I warn you now that I don’t know where this is going.
I was at a new friend’s house the other day after bible study. She took one of the poems I wrote and worked it into a song, and she was playing and singing it for me, so we (staff and I) were at her house. What a nice lady, and a beautiful, gifted musician she is. She has such an infectious smile, infectious joy. Anyhow, while we were there, she said something like, “Now, I know you have autism, but I certainly can’t tell! How does it affect you?” And in the past, that would have ruffled me, maybe quite a bit. But this time, hearing the love in her voice, I just said, “Thank you,” and my staff mentioned that I hide a lot, which is true. We talked a little about sensory issues, too.
I try to get my mind around this.
Why, when student teaching, was it repeatedly brought up that “she can’t connect with the kids”?
Why, last year, were there threats of a group home?
If I present so very mildly, why can’t I function without staff 4 days a week?
Why? What’s the deal?
I tend to think that I have a kind of incredible ability to cover up. I don’t let my sensory issues show. Sometimes my own family can’t tell I’m overwhelmed until I completely shut down or lash out. Heck, sometimes, I can’t either. I think, if you knew what to look for… the body language and the far-off focus in my eyes… the frozen postures and darting glances… you might be able to tell. Maybe it happens in such a way that no one on the outside can see it… but I wish they could, because I can feel it!
Of course, if pushed far enough for long enough, I will completely shut down, stop talking, unable to process language verbally. Or I will lash out, screaming and crying and throwing things. But you know, that’s no fun for any of us, so I really try not to do that.

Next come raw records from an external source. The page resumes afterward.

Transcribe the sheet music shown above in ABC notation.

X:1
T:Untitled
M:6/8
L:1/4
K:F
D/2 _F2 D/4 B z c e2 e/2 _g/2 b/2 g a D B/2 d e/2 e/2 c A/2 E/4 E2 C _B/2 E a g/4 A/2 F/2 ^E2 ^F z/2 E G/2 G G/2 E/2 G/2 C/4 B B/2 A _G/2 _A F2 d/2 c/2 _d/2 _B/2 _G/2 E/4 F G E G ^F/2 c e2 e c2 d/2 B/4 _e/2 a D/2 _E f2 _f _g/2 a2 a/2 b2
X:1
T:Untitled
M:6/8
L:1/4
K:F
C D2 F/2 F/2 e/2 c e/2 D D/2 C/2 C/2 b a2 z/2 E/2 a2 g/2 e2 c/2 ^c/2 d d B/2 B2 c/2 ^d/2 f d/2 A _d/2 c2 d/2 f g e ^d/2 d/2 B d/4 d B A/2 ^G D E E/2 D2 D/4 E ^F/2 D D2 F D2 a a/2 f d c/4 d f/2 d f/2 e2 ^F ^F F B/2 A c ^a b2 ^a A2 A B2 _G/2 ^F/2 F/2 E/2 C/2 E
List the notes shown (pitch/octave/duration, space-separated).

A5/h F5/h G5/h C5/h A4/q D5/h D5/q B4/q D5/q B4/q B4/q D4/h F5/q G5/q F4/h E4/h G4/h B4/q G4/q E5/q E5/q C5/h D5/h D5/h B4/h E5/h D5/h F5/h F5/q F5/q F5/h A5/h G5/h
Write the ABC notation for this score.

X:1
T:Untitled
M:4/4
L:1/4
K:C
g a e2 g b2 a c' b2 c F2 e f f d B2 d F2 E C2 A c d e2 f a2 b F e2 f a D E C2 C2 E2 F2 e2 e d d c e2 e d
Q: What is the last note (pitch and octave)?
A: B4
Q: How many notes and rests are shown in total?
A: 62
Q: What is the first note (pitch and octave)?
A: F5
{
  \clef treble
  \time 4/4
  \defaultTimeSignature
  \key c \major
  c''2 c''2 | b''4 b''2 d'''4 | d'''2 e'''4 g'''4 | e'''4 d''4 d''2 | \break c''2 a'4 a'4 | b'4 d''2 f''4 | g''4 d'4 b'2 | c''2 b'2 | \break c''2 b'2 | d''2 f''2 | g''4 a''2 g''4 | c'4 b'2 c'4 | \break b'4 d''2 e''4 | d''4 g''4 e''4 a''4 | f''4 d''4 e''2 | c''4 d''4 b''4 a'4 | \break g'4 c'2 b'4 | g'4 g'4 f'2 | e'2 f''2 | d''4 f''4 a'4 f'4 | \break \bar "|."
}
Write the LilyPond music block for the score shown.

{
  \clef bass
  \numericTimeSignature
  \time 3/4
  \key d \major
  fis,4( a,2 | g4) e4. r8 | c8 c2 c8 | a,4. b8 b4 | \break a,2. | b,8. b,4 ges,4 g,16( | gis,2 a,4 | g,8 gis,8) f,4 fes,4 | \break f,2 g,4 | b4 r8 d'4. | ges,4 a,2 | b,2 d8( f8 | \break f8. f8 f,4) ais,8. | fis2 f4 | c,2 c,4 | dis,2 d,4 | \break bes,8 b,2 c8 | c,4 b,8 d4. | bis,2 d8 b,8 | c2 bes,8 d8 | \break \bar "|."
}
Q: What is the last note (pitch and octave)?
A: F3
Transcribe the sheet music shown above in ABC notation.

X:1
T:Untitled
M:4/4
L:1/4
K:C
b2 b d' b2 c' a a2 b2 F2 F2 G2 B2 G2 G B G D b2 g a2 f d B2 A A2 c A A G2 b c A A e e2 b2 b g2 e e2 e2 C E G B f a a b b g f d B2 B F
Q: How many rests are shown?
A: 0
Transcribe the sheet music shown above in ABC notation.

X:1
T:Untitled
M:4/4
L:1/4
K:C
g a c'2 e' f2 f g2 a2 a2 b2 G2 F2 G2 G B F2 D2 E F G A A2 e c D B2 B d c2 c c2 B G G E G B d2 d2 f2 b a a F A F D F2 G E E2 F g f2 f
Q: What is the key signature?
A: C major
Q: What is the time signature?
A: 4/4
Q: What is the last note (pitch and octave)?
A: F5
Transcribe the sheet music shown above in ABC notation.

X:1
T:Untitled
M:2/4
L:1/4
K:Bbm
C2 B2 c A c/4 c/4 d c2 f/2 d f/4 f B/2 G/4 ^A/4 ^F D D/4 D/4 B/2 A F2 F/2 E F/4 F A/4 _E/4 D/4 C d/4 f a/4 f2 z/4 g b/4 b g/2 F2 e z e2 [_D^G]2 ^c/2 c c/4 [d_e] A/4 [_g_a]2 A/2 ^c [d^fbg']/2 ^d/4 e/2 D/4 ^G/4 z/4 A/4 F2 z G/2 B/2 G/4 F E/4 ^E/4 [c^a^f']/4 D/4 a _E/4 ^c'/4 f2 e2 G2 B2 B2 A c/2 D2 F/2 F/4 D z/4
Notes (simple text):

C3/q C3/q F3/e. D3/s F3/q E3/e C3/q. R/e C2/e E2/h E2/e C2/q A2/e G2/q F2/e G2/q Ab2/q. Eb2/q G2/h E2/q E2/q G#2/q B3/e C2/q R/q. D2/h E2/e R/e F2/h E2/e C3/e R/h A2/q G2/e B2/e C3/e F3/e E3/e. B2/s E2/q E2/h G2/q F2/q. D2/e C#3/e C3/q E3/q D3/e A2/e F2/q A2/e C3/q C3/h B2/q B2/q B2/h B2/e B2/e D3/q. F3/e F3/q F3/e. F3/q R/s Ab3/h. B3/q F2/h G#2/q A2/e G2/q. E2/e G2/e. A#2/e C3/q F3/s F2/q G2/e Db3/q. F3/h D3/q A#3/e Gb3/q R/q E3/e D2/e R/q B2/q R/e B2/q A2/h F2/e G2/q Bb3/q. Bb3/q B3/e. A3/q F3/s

My communication ability is improving. I’m focused on two main things right now. One is to label my emotions, especially when with my staff. I tend to think, though, that if you know me well enough, and you type with me, I’m a pretty darn open book when it comes to what I’m feeling. Ask, Leigh, and Heather, ask my sister… they get it all. But fact is that I need to be able to express, to some degree, my emotions verbally, too, so I don’t get so frustrated. I do still tend to growl or slam my hands on the desk when I’m frustrated (can you say “checkbook”?), but I’m trying to say that I’m frustrated. I’d say we’re 50/50, right now.
The other thing I’m improving with is attending to topics of conversation which aren’t my preferred subjects. I have a long way to go here, but I am, as I said, getting better at it. My favorite thing is when my staff are talking together and I’m trying to keep up, and they stop dead and say, “Lydia, can you think of a question to ask us?” It gives me time to process. And you know, I usually can come up with something… it just takes me more time. We’re going to do an activity where we put topics of conversation in a box and pull them out, so each person can list a couple of her favorites, and then we pull them out and talk about them one by one. So, one time might be cats, but one time might be something I know or care little about. This is part of functioning in the adult world, and I look forward to improving my skills.
I think, at this point, the deal is that when you meet me, you don’t first think “autistic.” You might not think anything. And if you talk to me for a bit, you probably think, “Hm, she seems kind of young for 24.” But since the ladies at church and whatnot are older than me, ten years, twenty years, fifty years… I’m not sure they have a good hold on the fact that most 24 year olds are pretty adult. Thus, me acting more like I’m a older teenager, maybe 16-18, doesn’t stand out to them.
But that’s just a theory. The important thing is that people at church just love me and lift me up for who I am, labels or not. I wish that for every person on the spectrum! To be loved and encouraged for being who they are, beyond any labels.